The case involves Epsilon Electronics Inc.’s (Epsilon) attempt to vacate a $4,000,000 penalty determination issued by the Office of Foreign Assets Control (OFAC) in 2014 for violations of the Iranian Transactions and Sanctions Regulations (ITSR). The violations involved 41 total sales of audio equipment to a customer in the UAE with a value of about $3.4 million. OFAC contended that Epsilon knew or should have known that the customer was reselling its products in Iran and charged five transactions as ‘egregious’ violations, assigning the maximum statutory civil penalty of $250,000 for each of those transactions.
The most interesting aspect of the case for U.S. exporters is that OFAC appears to have offered no direct evidence linking the sales to specific transactions or end users in Iran. Instead, the opinion indicates that OFAC relied primarily on circumstantial evidence gleaned from Epsilon’s and the UAE customer’s websites to find that Epsilon should have known that the items were destined for Iran. That evidence included statements and images on the customer’s website indicating that the customer sold or marketed Epsilon products in Iran and that the customer’s exclusive or predominant market was, in fact, Iran.
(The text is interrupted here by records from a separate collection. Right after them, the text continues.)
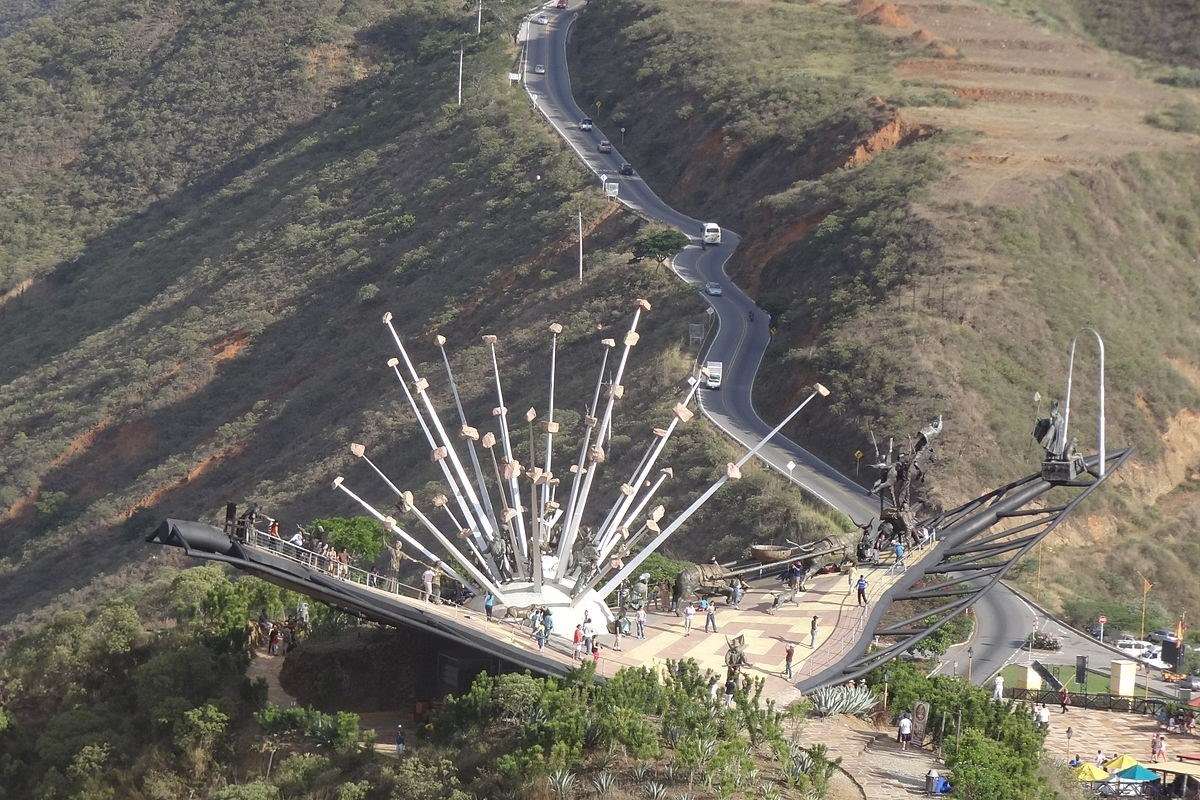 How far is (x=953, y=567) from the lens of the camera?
48656 mm

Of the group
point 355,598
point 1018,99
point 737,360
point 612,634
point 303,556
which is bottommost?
point 737,360

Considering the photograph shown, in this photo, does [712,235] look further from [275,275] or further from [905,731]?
[905,731]

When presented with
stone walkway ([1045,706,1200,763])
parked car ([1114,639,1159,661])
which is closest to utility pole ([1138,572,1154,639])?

According to OFAC, one of Epsilon’s websites also included a photo gallery labeled “Iran,” which was removed by Epsilon during the course of the investigation. In addition, OFAC formally warned Epsilon in 2012 that items sold by an affiliated entity in 2008 were exported to Iran in apparent violation of the ITSR. Particularly incriminating was the inclusion of an Iranian address (that matched an address on the UAE customer’s website) on the airway bill for the 2008 sale. Despite OFAC’s 2012 cautionary letter about the 2008 shipment, Epsilon made five additional sales to its UAE customer.
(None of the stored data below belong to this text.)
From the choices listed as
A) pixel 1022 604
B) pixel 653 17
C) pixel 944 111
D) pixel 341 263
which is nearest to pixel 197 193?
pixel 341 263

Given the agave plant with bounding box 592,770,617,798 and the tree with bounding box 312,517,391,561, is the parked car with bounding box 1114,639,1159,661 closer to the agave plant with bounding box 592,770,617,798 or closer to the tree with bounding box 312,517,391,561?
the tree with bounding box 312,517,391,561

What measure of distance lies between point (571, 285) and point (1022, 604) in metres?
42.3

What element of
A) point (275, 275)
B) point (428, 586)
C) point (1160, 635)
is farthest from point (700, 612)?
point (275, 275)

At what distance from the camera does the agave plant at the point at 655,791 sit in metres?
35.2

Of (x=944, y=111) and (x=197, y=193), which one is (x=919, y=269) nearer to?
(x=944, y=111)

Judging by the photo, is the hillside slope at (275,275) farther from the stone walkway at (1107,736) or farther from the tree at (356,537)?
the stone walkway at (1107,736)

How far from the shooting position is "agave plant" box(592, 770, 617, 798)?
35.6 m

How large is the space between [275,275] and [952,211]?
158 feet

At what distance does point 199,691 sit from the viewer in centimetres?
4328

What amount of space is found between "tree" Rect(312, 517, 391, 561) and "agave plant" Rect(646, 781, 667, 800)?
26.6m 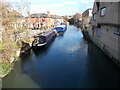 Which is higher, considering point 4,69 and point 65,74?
point 4,69

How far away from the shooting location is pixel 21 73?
9.56 metres

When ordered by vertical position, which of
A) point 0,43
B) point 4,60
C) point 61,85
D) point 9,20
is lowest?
point 61,85

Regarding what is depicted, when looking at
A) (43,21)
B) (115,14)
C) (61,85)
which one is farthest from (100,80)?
(43,21)

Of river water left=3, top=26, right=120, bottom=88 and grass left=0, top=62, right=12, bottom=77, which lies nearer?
river water left=3, top=26, right=120, bottom=88

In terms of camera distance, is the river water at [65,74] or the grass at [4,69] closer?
the river water at [65,74]

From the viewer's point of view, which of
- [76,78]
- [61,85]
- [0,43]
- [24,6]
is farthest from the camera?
[24,6]

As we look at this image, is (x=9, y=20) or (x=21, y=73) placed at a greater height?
(x=9, y=20)

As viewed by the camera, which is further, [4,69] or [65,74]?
[65,74]

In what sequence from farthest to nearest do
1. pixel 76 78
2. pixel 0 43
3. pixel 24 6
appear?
1. pixel 24 6
2. pixel 0 43
3. pixel 76 78

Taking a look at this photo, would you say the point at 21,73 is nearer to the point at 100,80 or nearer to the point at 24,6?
the point at 100,80

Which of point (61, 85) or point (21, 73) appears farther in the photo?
point (21, 73)

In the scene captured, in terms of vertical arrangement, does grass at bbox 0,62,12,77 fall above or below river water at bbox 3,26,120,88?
above

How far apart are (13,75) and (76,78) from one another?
5271 millimetres

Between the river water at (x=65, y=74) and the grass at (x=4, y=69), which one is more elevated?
the grass at (x=4, y=69)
The District Court agreed with OFAC that the circumstantial evidence presented by the agency was sufficient to find that Epsilon had reason to know that the items supplied to the UAE customer were specifically destined for Iran. While there appear to be some particularly bad facts in this case, the decision potentially paves the way for additional due diligence burdens on sellers that have not been widely recognized before. Generalizing from the opinion, one could conclude that when dealing with a customer that may resell your products (particularly if that customer is in destination at high risk for diversion such as the UAE), an exporter should seek out publicly-available information on whether the customer does business with sanctioned countries. If evidence suggests that the customer does substantial business in sanctioned countries, an exporter should then conduct a risk assessment to determine whether compliance measures, such as obtaining certifications from the customer, would be sufficient to mitigate the exporter’s risk under U.S. sanctions laws. Of course, more formalized distribution agreements should contain U.S. sanctions compliance provisions that protect the U.S. exporter.
OFAC and the Court also easily rejected Epsilon’s defense that its sales complied with the ITSR pursuant to the “inventory exception.” The unwritten inventory exception (more commonly referred to as the ‘general inventory rule’) essentially spares a company from liability under U.S. sanctions laws if an overseas customer later transfers its products to a sanctioned country, so long as: (1) the items were not intended for the sanctioned country when originally exported from the U.S. (i.e., they were ordered for the customer’s overseas inventory), and (2) the customer does not predominately sell to a sanctioned country (among other standard export control requirements). In reality, the general inventory rule is very limited in scope and, as in the Epsilon case, can be too easily cited to approve activities that are actually prohibited under U.S. sanctions laws. As a result, non-U.S. companies and foreign subsidiaries of U.S. companies that are reentering the Iranian market should be wary of relying on the general inventory rule to structure compliance programs or procedures. In many cases it can lead to confusion and inadvertent violations of the ITSR by U.S. and non-U.S. parties.
As companies’ business in Iran and accompanying exposure to U.S. sanctions laws grow, implementing a solid compliance program with the right level of due diligence applied to intercompany and external sales is critical. As the Epsilon case shows, challenging an OFAC penalty determination in the courts is extremely challenging. Federal agencies are typically afforded a great deal of flexibility under administrative law, and practically have carte blanche when it comes to matters of foreign affairs and national security. It is better to make the upfront investment in a rigorous and tested compliance program than try to fight the agency after the fact.